_Instructions to follow_
Only the lines below from the one containing "Damen Off-Shoulder Maxikleid" through the one containing "Rustic cutting board" belong in the answer, repeated exactly and without pictures.

_Available data_
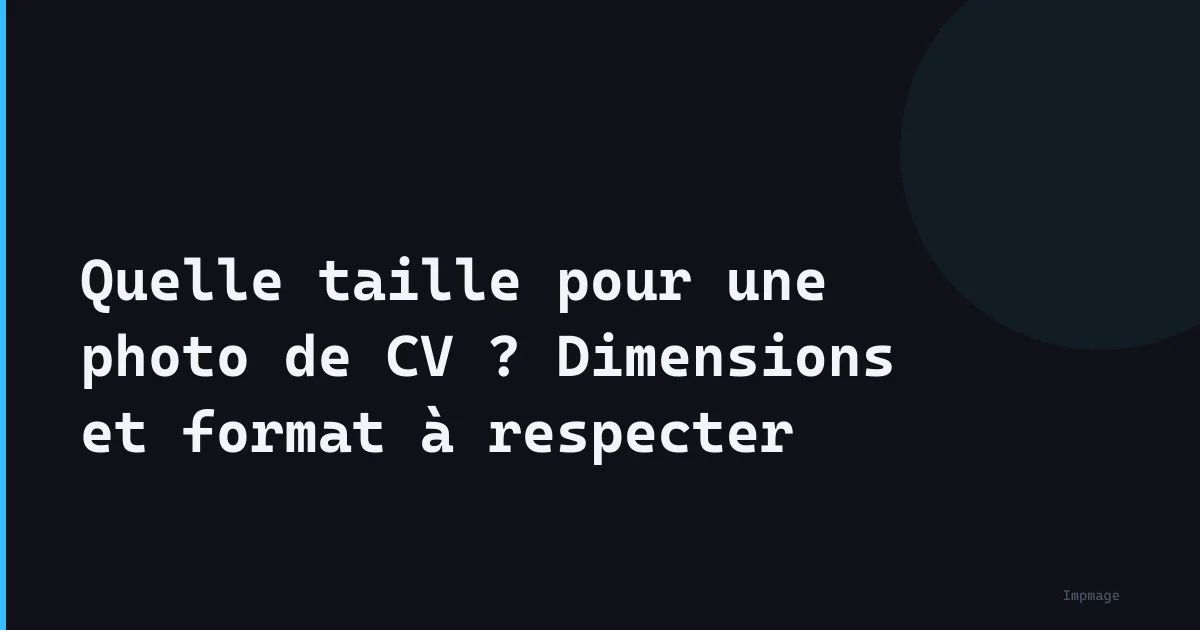 Quelle taille pour une photo de CV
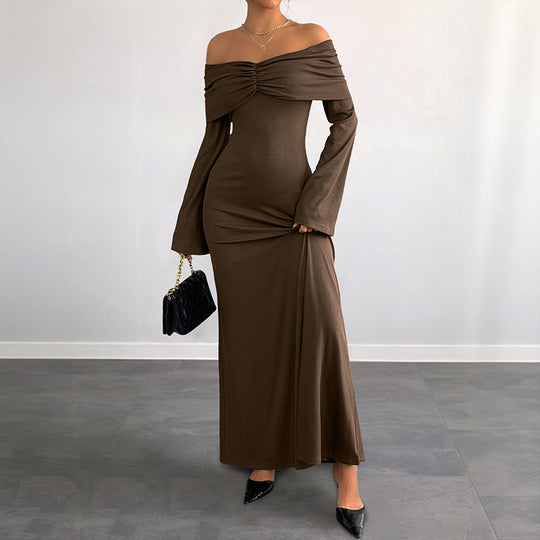 Damen Off-Shoulder Maxikleid mit geraffter Brustpartie und schmaler A‑Linie Nord Taschen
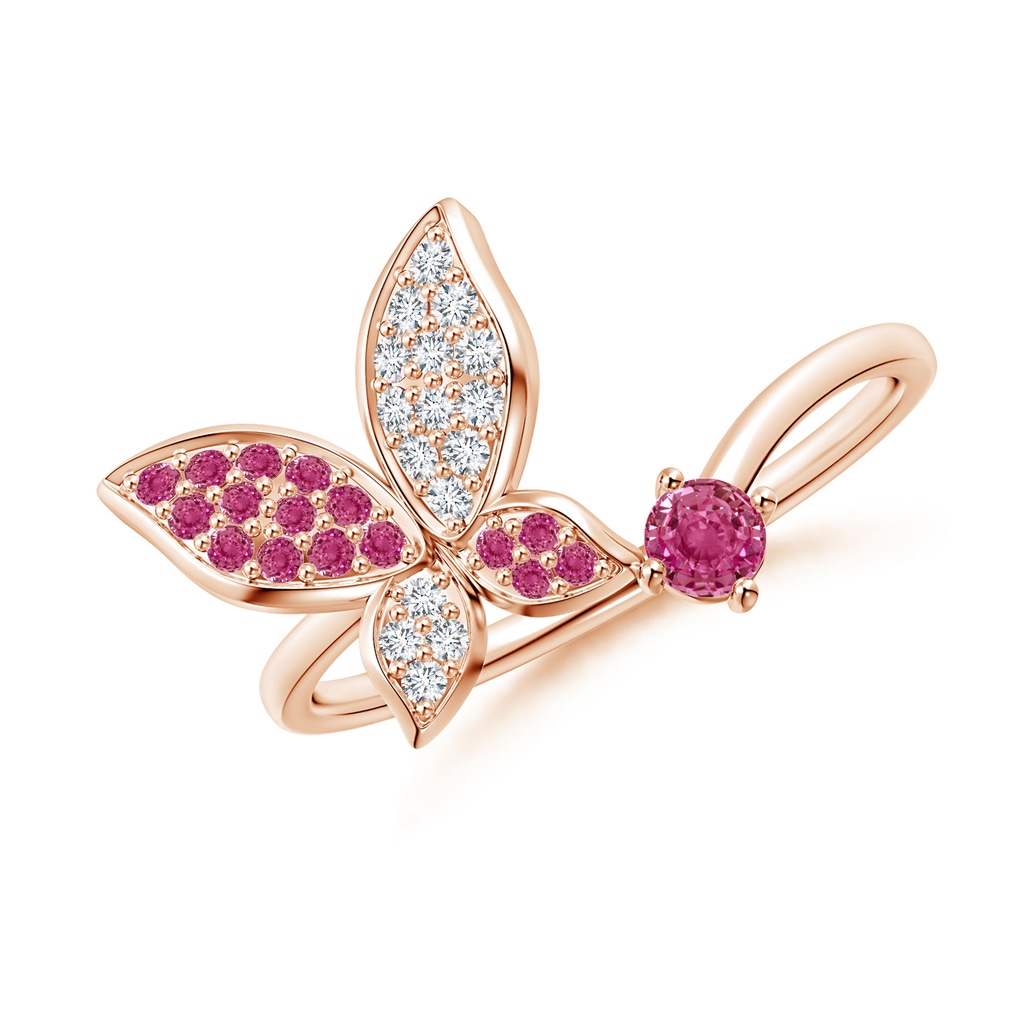 3mm AAAA Pink Sapphire and Diamond Butterfly Bypass Ring in 10K Rose Gold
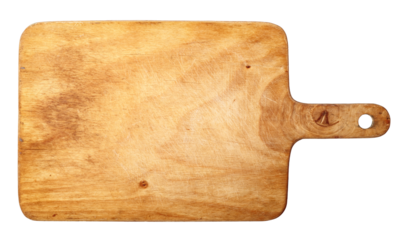 Rustic cutting board on a transparent background. isolated object. Element for design
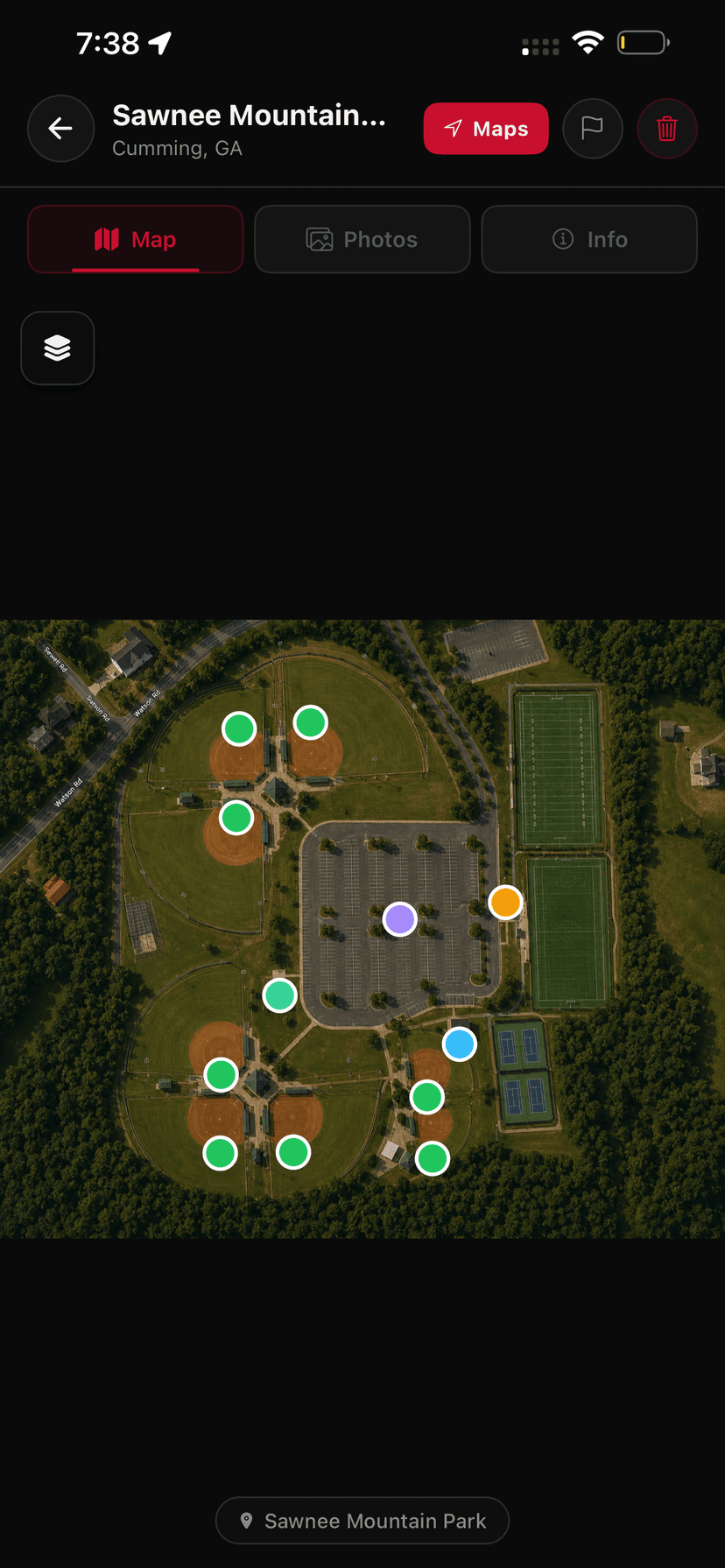 Georgia statewide map showing all park locations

_Result of this exercise_
 Damen Off-Shoulder Maxikleid mit geraffter Brustpartie und schmaler A‑Linie Nord Taschen
 3mm AAAA Pink Sapphire and Diamond Butterfly Bypass Ring in 10K Rose Gold
 Rustic cutting board on a transparent background. isolated object. Element for design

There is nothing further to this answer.